If they aren't trying to stop the sale then what is their reasoning for the suit?
Walmart's right to sell firearms and ammunition is being threatened by a lawsuit.
Fox Business Network reporter Adam Shapiro reported on "Fox and Friends First" this morning that a court decision could stop the retail giant from selling guns, which could change the way publicly traded companies do business in the United States.
Shapiro said that Trinity Wall Street Church in New York City owns stock in Walmart.
"The church sued the Walmart when they refused to place a proposal on the shareholder ballot at the annual company meeting," he explained. "That proposal could be interpreted to force Walmart's board of directors to suspend the sale of guns and ammunition."
Shapiro said that the church won the lawsuit and Walmart appealed. The decision on the appeal is due as early as today, he said.

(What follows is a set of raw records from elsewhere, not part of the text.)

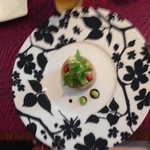 ラシェット M - 2016年6月：ランチコース(\2800+税)…相方が選んだ前菜の鮎とフォアグラのパテ(別途+\980)
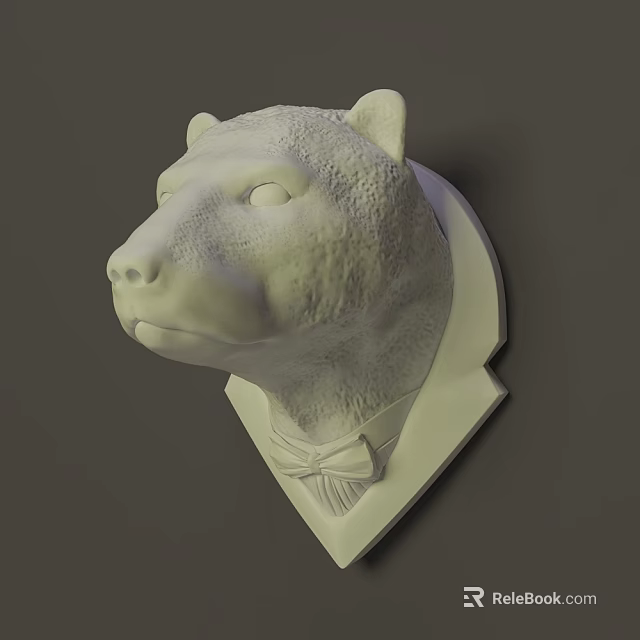 White Bear Head Sculpture as Animal Wall Decor with Bow Tie Accent 3d model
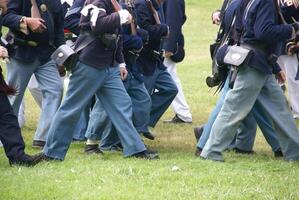 Detail, Union troops marching photo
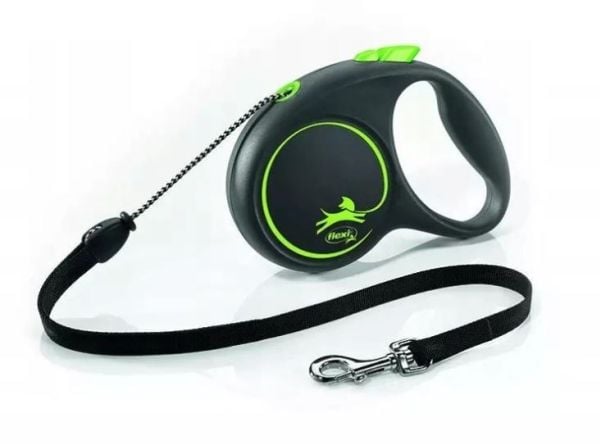 flexi Black Design M snor 5 m, 20 kg, grøn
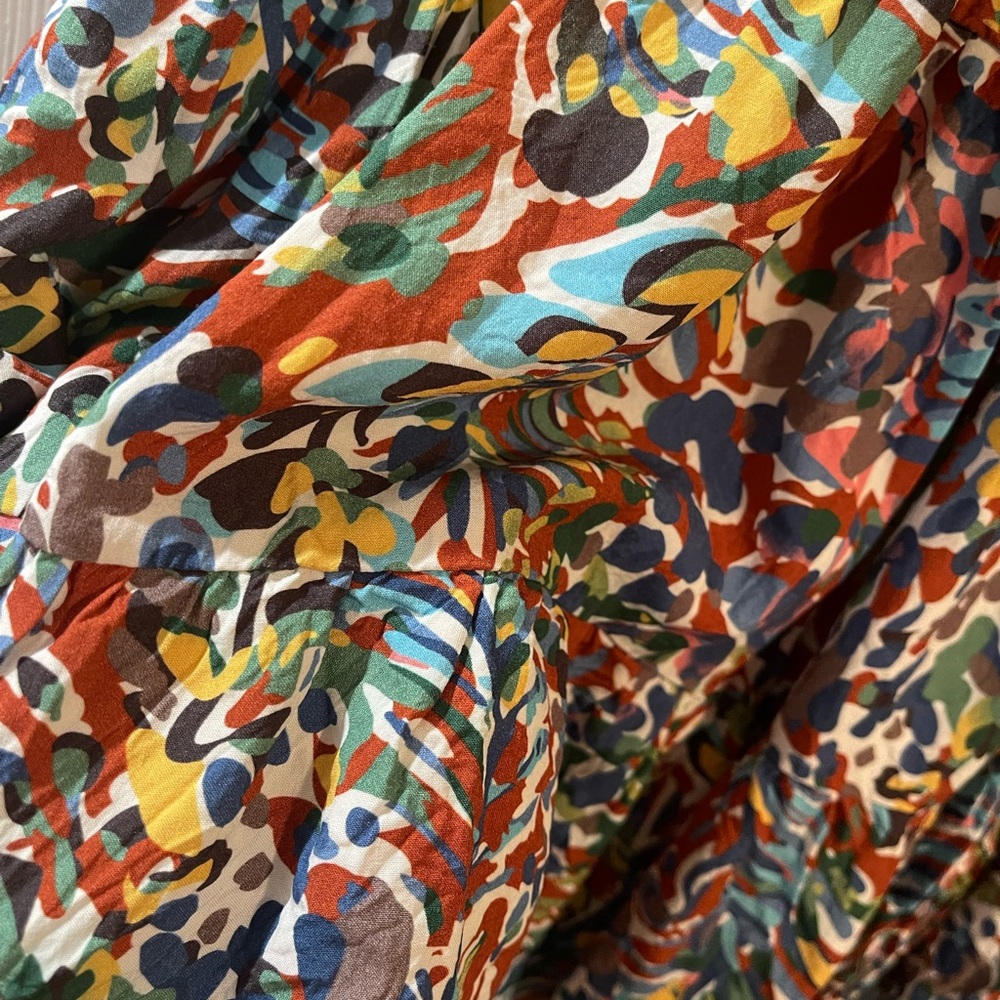 Chic Soul Multicolor Leaf Print Sleeveless Ruffled Waist Dress - Picture 3 of 4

"People who support gun rights say, the first court ruling allows political activists to push whatever agenda they wish at the corporate level, instead of through state and federal law," he said. "Trinity Wall Street Church says it does not intend to end the sale of products at Walmart."
nice
An appeals court ruled Tuesday that Wal-Mart investors don’t have a right to try to stop the company from selling rifles or any other product those shareholders may think is socially destructive.
The 3rd U.S. Circuit Court of Appeals ruled for the Arkansas-based retailer, reversing a district court ruling in November that would have let the company’s investors influence the store’s policy on high-capacity sporting-rifle sales.
“The Third Circuit reached the right decision in reversing the district court’s ruling,” Wal-Mart spokesman Randy Hargrove told the Times. “We appreciate the court’s quick consideration of the issues.”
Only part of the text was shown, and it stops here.